The other necessary part of an experiment is specifying how slices will interface with each other. Interfacing in this case refers to how these two components are meant to be run. To understand the interfacing, lets first understand the basic building blocks of a SuperDARN experiment. These are:

Sequence

Made up of pulses of a specific duration (pulse length) with a specified fundamental (tau) spacing, at a specified frequency, and with a specified receive time (duration) following the transmission (to gather information from the number of ranges specified). Researchers might be familiar with a common SuperDARN 7 or 8 pulse sequence design. The sequence definition here is the time to transmit one sequence and the time for receiving echoes from that sequence.

Averaging period

A time duration where the sequences are repeated to gather enough information to average and reduce the effect of spurious emissions on the data. These are defined by either a number of sequences, or a length of time during which as many sequences as possible are transmitted. For example, researchers may be familiar with the standard 3 second averaging period in which ~30 pulse sequences are sent out and received in a single beam direction.

Scan

A time where the averaging periods are repeated, traditionally to look in different beam directions with each averaging period. A scan is defined by the number of beams or integration times. Researchers may be familiar with the standard 1-minute 16-beam scan from East to West, or West to East, depending upon the radar.

Interfacing Types Between Slices

src.experiment_prototype.experiment_prototype.interface_types = ('SCAN', 'AVEPERIOD', 'SEQUENCE', 'CONCURRENT')

Interfacing in this case refers to how two or more slices are meant to be run together. The following types of interfacing between slices are possible, arranged from highest level of experiment building-block to the lowest level:

  1. SCAN

    The scan-by-scan interfacing allows for slices to run a scan of one slice, followed by a scan of the second. The scan mode of interfacing typically means that the slice will cycle through all of its beams before switching to another slice.

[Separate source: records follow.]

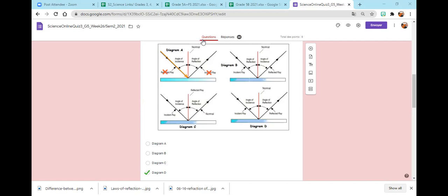What's the problem with diagram B? The rays are correct, but the angles are wrong. Excellent, Yalana. The rays are correct, but they switched the angles. Bravo, Rama.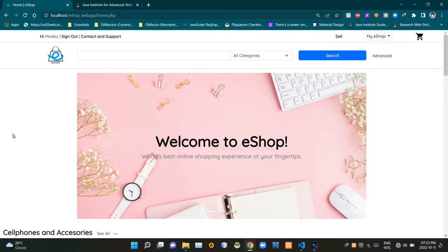Hello folks, welcome to demonstration video number 8 of my e-commerce web application. Today I'm mainly focusing on the code inside the latest product listing section of our home page.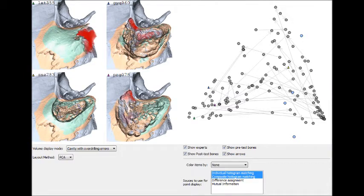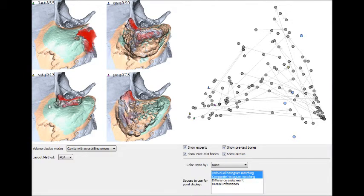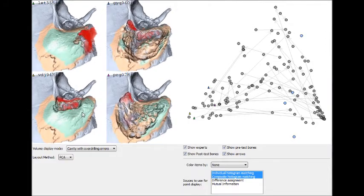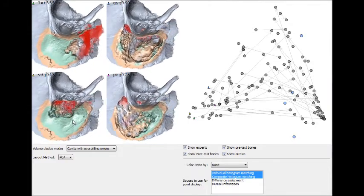The red color in the volume display shows areas that were drilled away by the user but were not drilled away by any of the expert examples.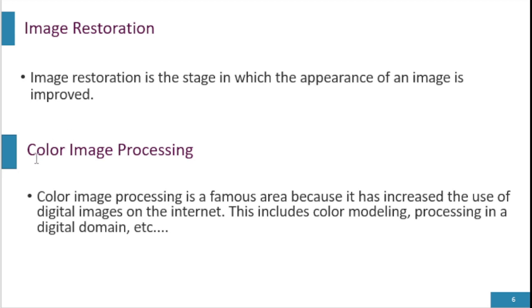Color image processing is a famous area because it has increased the use of digital images on the internet.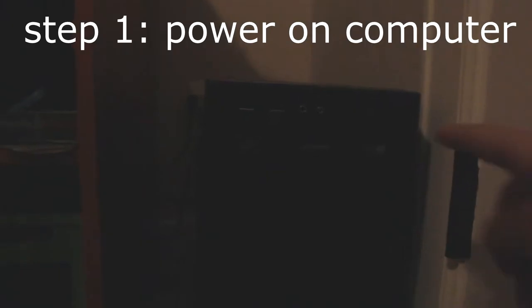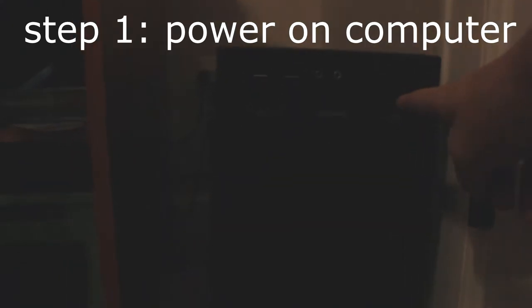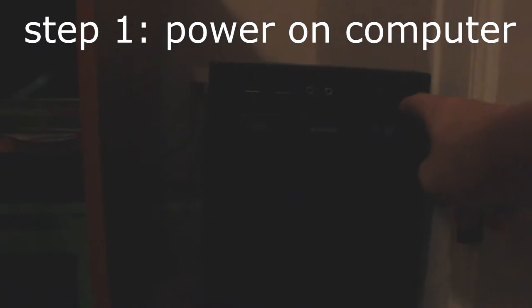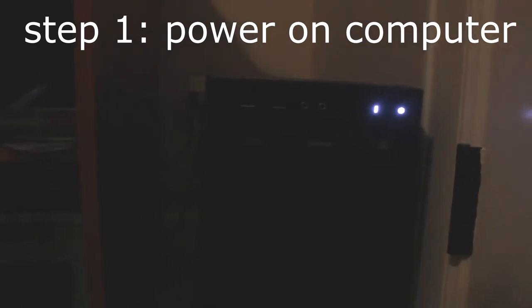This is a 10-step guide to show how to watch a how-to video. Step 1 may seem very simple, but it isn't. Press the power button.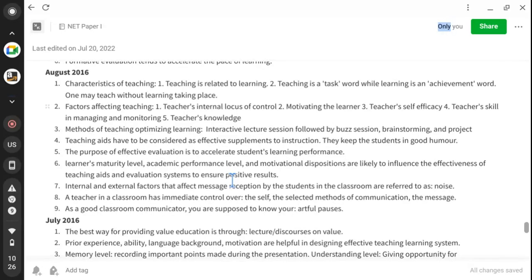Coming to the August 2016 question on characteristics of teaching: teaching is related to learning; teaching is a task word while learning is an achievement word; and one may teach without learning taking place. For example, if I am teaching a child about theories related to Noam Chomsky, the child may not understand. Factors affecting teaching include the teacher's locus of control, motivating capacity of the learner, teacher's self-efficacy, and skill in managing the classroom.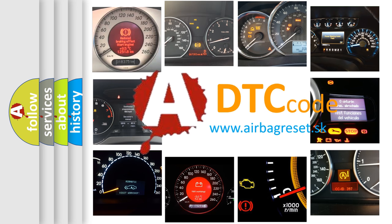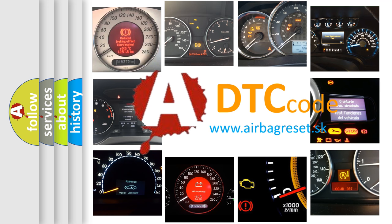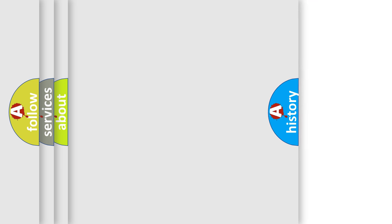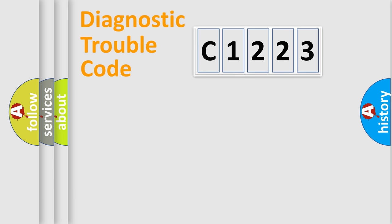What does C1223 mean, or how to correct this fault? Today we will find answers to these questions together.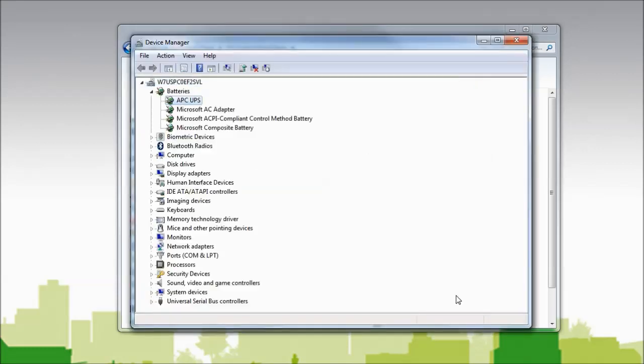click Close. You'll now see that the APC UPS Battery Driver has loaded. Thank you for watching. I hope this video has been helpful.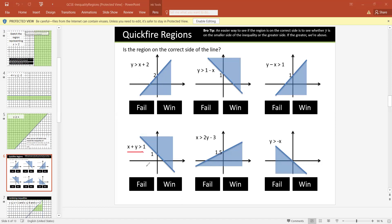This one: x plus y is greater than 1 — true. Take test point (1, 1): 1 plus 1 is 2, and 2 is greater than 1 — true. If we take y on one side, y is greater than 1 minus x, so y is greater than and the upper part is shaded — which is what is shown here.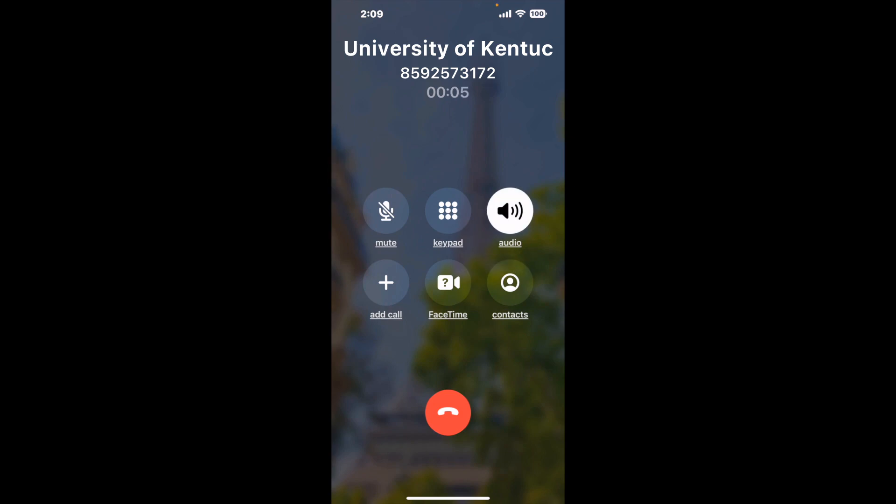And here's Claimer sending me a call back from University of Kentucky Financial Aid with an actual agent on the line. This company saved me hours.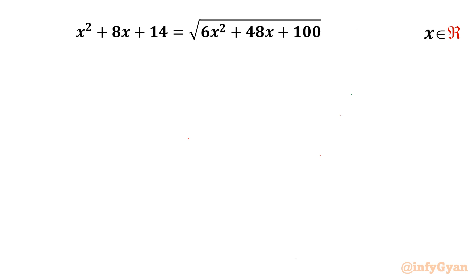Welcome back to Infigian friends. Today in this video we are going to take up one very interesting algebraic challenge from radical equations. The equation is x² + 8x + 14 = √(6x² + 48x + 100). We have to find out the real solutions. So let's get started.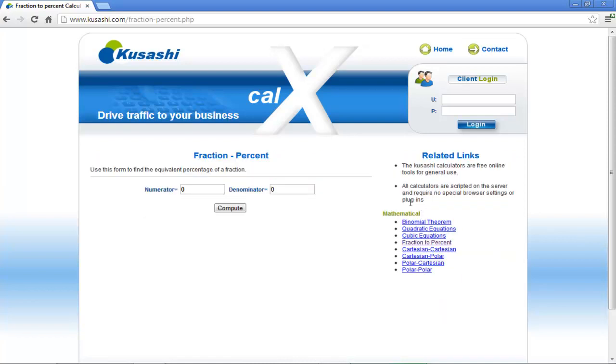A form will open up from where you can find the equivalent percentage of a fraction. Simply fill in the numerator and denominator fields. Once you are done, click on the Compute button.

    There are no requirements for slices interfaced in this manner.

  2. AVEPERIOD

    This type of interfacing allows for one slice to run its averaging period (also known as integration time or integration period), before switching to another slice’s averaging period. This type of interface effectively creates an interleaving scan where the scans for multiple slices are run ‘at the same time’, by interleaving the averaging periods.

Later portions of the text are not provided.